I set up my server to only export the data disks (I don’t want to be able to write to the backups from my desktop, as the changes will be overwritten by the backups) I also set up my filesystem in a convenient manner — everything is a directory off of /data:
- /data/Photos
- /data/Video
- /data/Software
- /data/Audio
This makes it very easy to get to any of my data (try that in Windows!)
One inherent advantage of having an asynchronous mirror is the fact that it can serve as a temporary backup if you accidentally delete a file/directory, whereas with a normal mirror, you’d still have to back up to tape or some other drive to be able to get this data back.
To do the actual mirroring, I opted to create a simple rsync script that will copy the data nightly from cron. Nothing overly complex, but something that makes it easy to add new filesystems via a config file:
#!/usr/bin/perl
# Mirror
# Asynchronously mirror filesystems on a local machine
# by Ed Salisbury (ed@edsalisbury.net)
# http://www.edsalisbury.net
# (c)2009 Ed Salisbury, Some Rights Reserved
#
# External Utilities Required:
# * rsync
#
# License:
# Except where otherwise noted, this work is licensed under Creative Commons
# Attribution ShareAlike 3.0.
#
# You are free:
# * to Share — to copy, distribute and transmit the work
# * to Remix — to adapt the work
#
# Under the following conditions:
# * Attribution. You must attribute the work in the manner specified by the
# author or licensor (but not in any way that suggests that they endorse
# you or your use of the work).
# * Share Alike. If you alter, transform, or build upon this work, you may
# distribute the resulting work only under the same, similar or a
# compatible license.
# * For any reuse or distribution, you must make clear to others the license
# terms of this work. The best way to do this is with a link to the
# license's web page (http://creativecommons.org/licenses/by-sa/3.0/)
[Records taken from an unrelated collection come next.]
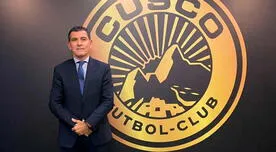 ¡No va más! Gustavo Zevallos dejó de ser gerente deportivo de Cusco FC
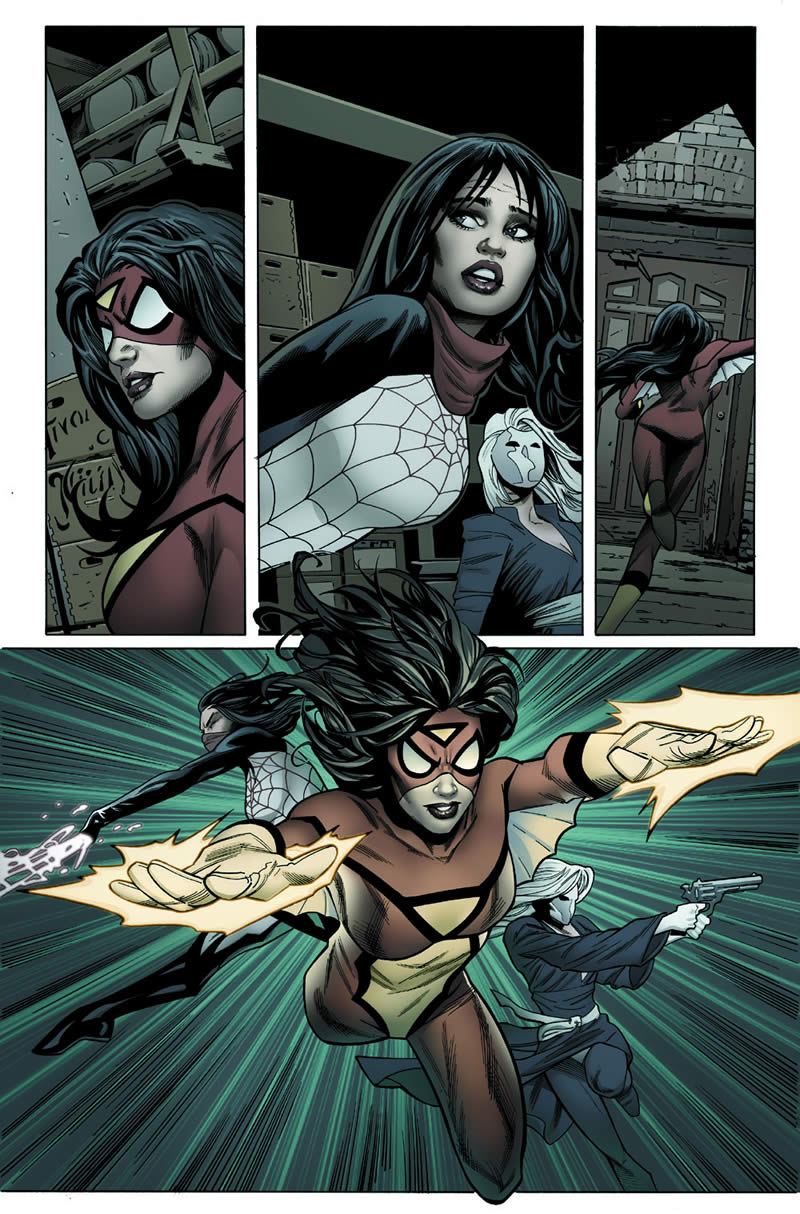 SPIDER-WOMAN #1 PREVIEW #3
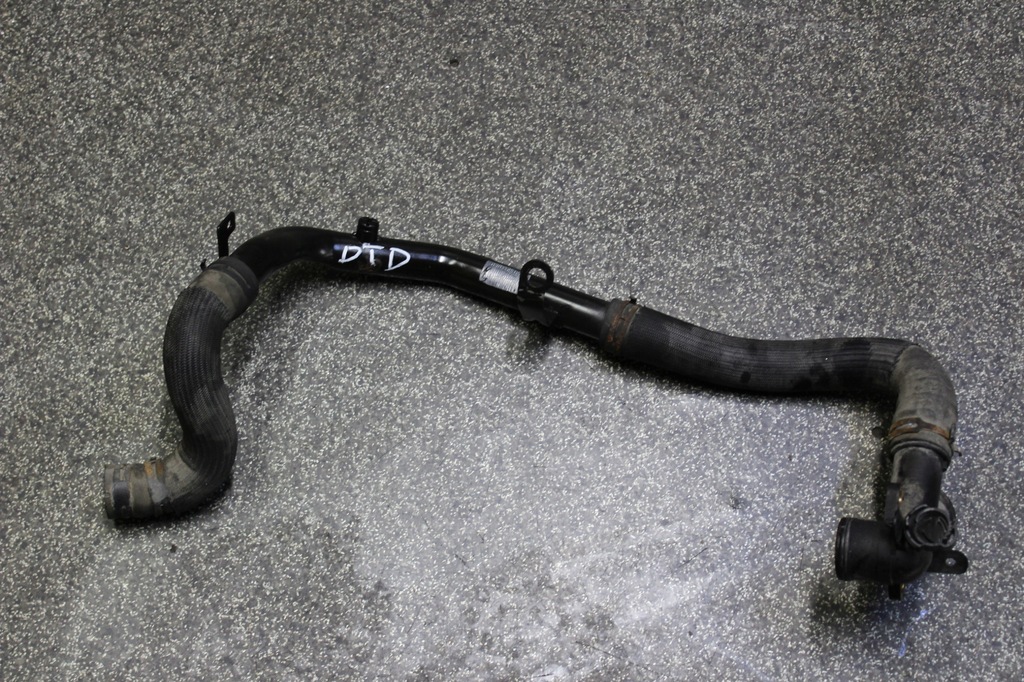 фото №1, Jaguar xf f-pace 2.0d 204dtd трубка шланг wąż wody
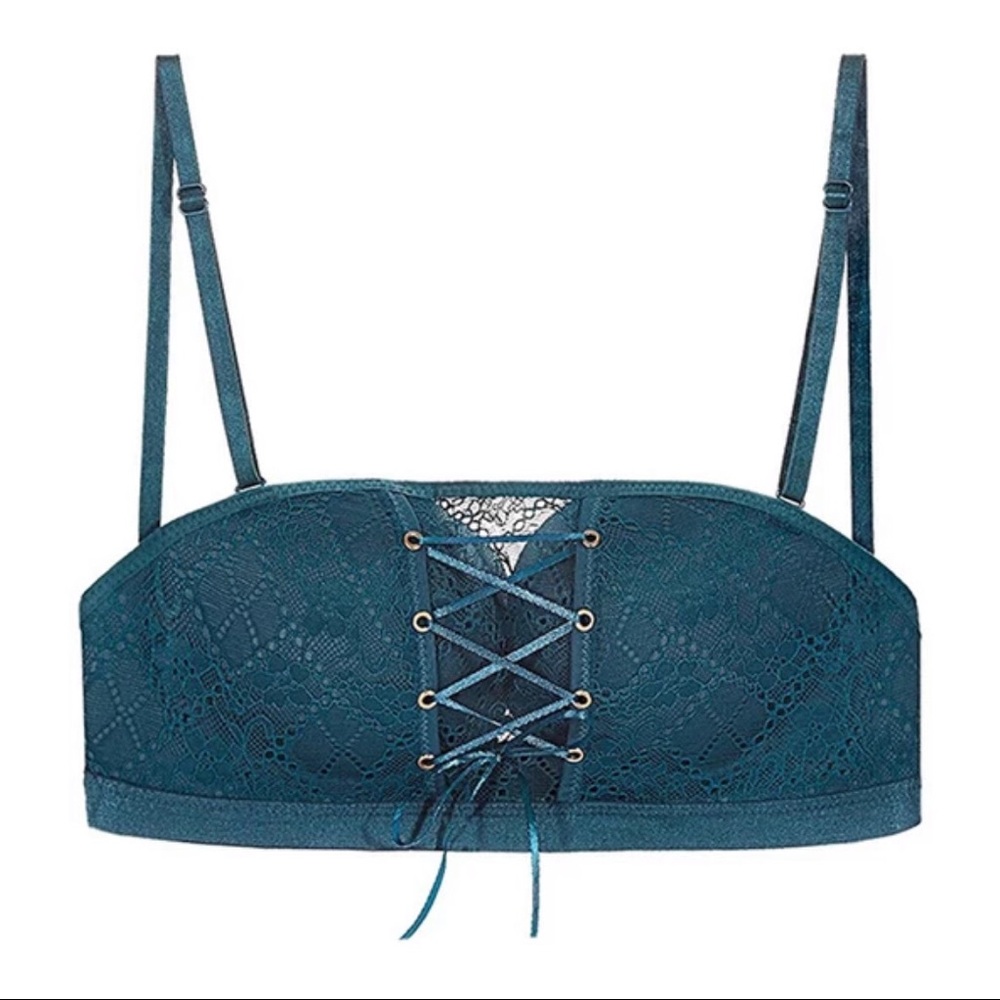 🧨NWT Teal Strap or Strapless Push Up Bra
# * Any of the above conditions can be waived if you get permission from the
# copyright holder.
# * Nothing in this license impairs or restricts the author's moral rights.
use warnings;
use strict;
# Configuration file for mirrors
# Example Config:
# /data/Photos/ /backup/Backup/Photos/
# /data/Software/ /backup/Backup/Software/
# /data/Audio/ /backup/Backup/Audio/
# /data/Video/ /backup/Backup/Video/
# /data/Misc/ /backup/Backup/Misc/
my $CONFIG = "/usr/local/etc/mirror.cfg";
open(CFG, $CONFIG);
my @lines = <CFG>;
close(CFG);
foreach my $line (@lines)
{
my ($src, $dest) = split(/\s+/, $line);
system("/usr/bin/rsync -av --delete $src $dest");
}
I put this script into /usr/local/bin, and then created a config file /usr/local/etc/mirror.conf similar to this:
/data/Photos/ /backup/Backup/Photos/ /data/Software/ /backup/Backup/Software/ /data/Audio/ /backup/Backup/Audio/ /data/Video/ /backup/Backup/Video/ /data/Misc/ /backup/Backup/Misc/
I then added a cronjob to have it run nightly:
0 0 * * * /bin/backup > /dev/null 2>&1
A word of caution: Make *sure* you have the directories right! rsync is set up to *DELETE* files in the destination if the file isn’t in the source directory, so if you have it rsync to two different directories, it will delete files as needed in the destination to sync them up. You have been warned! I take no responsibility for you deleting your data!
Please let me know if you found this guide/script useful.
Related posts:



Why not a “mkdir -p DIRECTORY” to solve the the DELETE problem?
Regards
Wolf
Hmm, I guess that would help with the inital sync, but not if you happened to have 2 directories named “music” (with different contents) and tried to sync them. Thanks for the suggestion!